Assumed pollutant removal capacity is assigned to various storm water control measures (SCMs), and they are used to select and size SCMs in design. But what is the actual performance of an SCM, and is it adequate for the pollutants being delivered? The use of this approach is defended by the argument that pollutants associated with storm water runoff and SCM pollutant removal are too difficult to monitor and quantify. To be sure, the flows associated with urban runoff are not as easily contained and measured as water or wastewater systems, but as sensor technology and computing power has developed, defensibly throwing your hands up in the air and claiming it is just too hard to track the performance of storm water systems and programs is becoming increasingly hard to do.

Sensors have evolved, and so too has our ability to capture and store data and the use of it to improve storm water infrastructure performance. I recall the times when one would set up a flow monitoring or pollutant level station in a remote location, and some unfortunate soul would have to regularly trudge out to a wetland or a stream in the middle of nowhere to collect stored data.

Due to cloud-based storage and cellular technology, the human resources needed to collect monitoring data have been greatly reduced. This performance data can not only be stored remotely, but also be measured in real time. The impact of this cannot be overstated. For instance, these technological advancements open up the potential to know whether or not an SCM is performing as needed or expected at any time, which can reduce costs associated with maintenance by allowing for as-needed inspections rather than inspections by schedule. Additionally, real-time monitoring can allow for real-time controls, thus transforming a passive or static SCM into a dynamically controlled infrastructure, which enables professionals to squeeze performance potential out of each practice in new and value-producing ways.

Like baseball, the storm water sector always has driven lots of data. In 1858, Henry Chadwick, a New York sportswriter, developed the box score, which formalized the organization of data generated by a single baseball game. The parallel for storm water is the collection of storm water program performance information that is required through tracking and reporting to meet municipal separate storm sewer permit requirements.

Similar to use of limited baseball statistics, much of the storm water program and performance data that is collected is not readily manipulated, and in many instances, the data collected is rarely reviewed or analyzed.

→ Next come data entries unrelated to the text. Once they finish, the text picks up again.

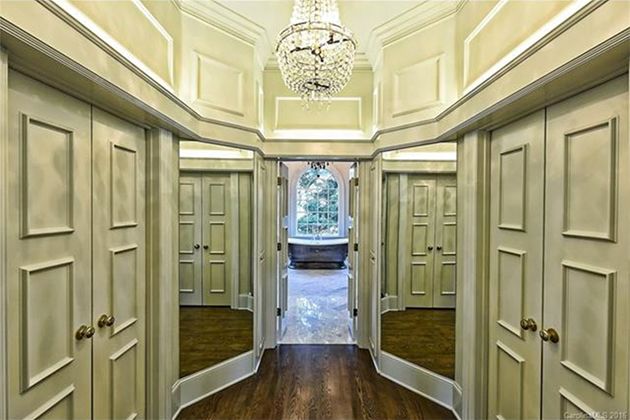 bathroom-queens-road-west-home-for-sale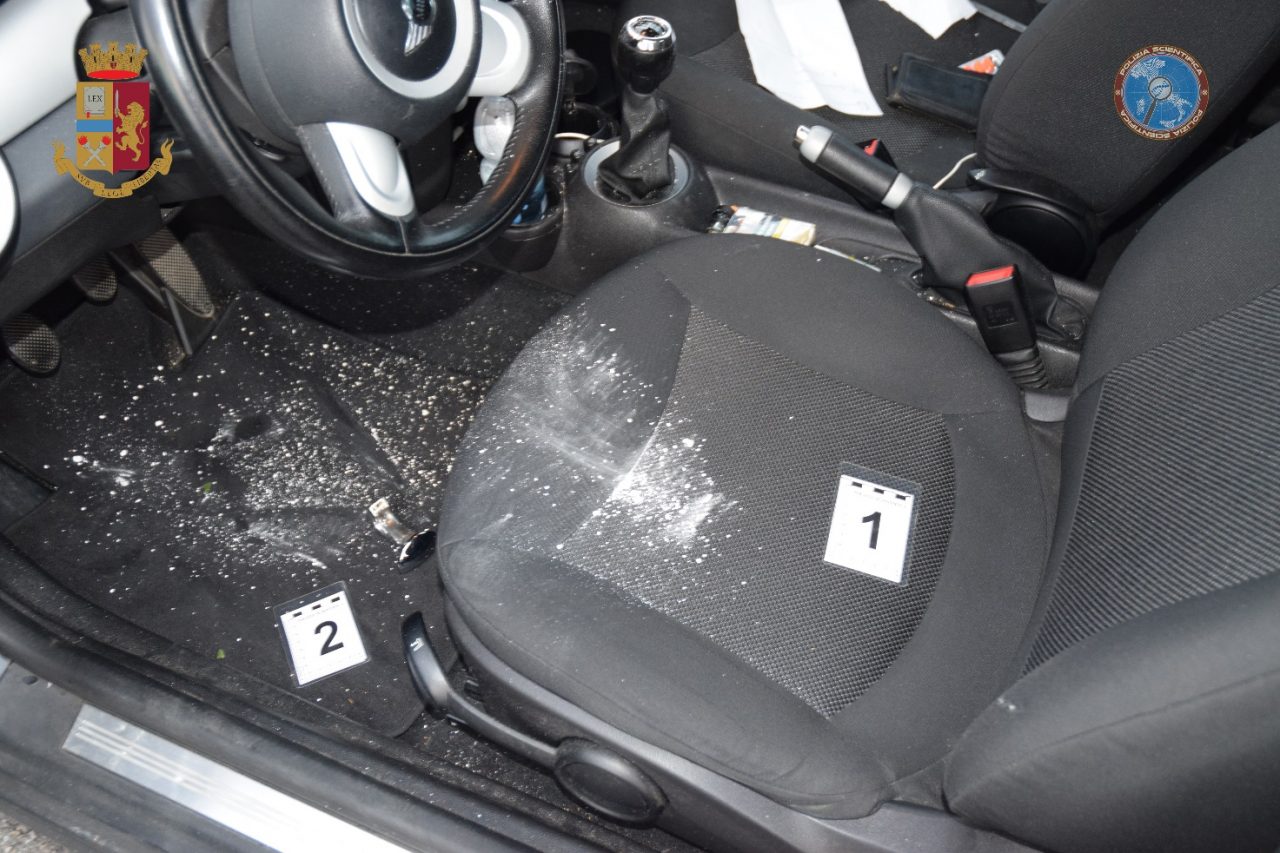 Braccato dalla Polizia tenta di disfarsi della “coca” spargendola sui sedili dell’auto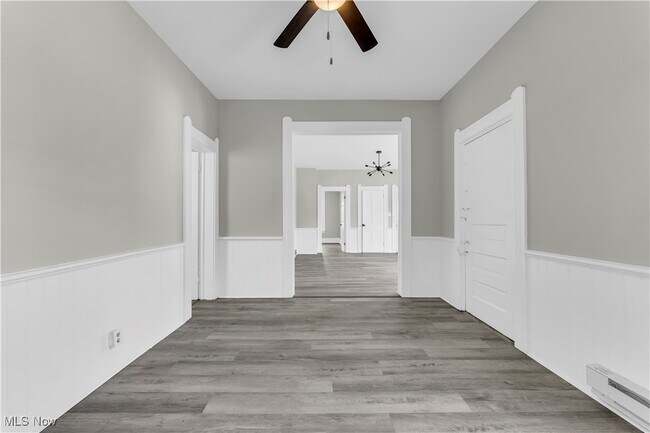 Building Photo - 3701 Chatham Ave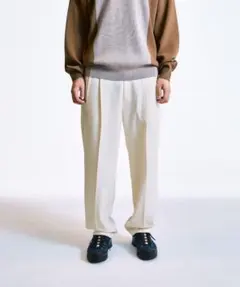 SHIPS スラックス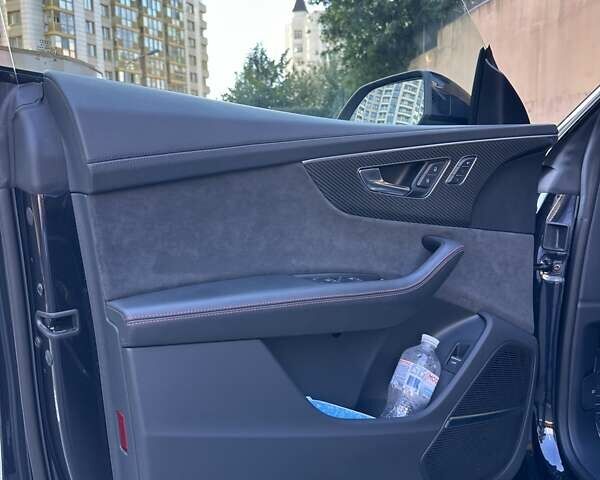 Чорний Ауді RS Q8, об'ємом двигуна 4 л та пробігом 43 тис. км за 98500 $, фото 14 на Automoto.ua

Beyond this, new, cheaper sensors can provide real-time data that can be immediately sent and stored in the cloud, which is exponentially increasing collected data.

New technologies not only are capturing and storing performance data, but also using it to make infrastructure dynamic and smart. The storm water sector is becoming a big data sector, and increasingly, we expect to see more and more decision-making on SCM selection and program management through high-quality and dynamic data sets. Storm water has always had to scrounge for funding and is constantly seeking legitimacy as an infrastructure industry. Like the underdog Oakland Athletics, perhaps storm water will go on a long winning streak. And with cleaner water, we all win.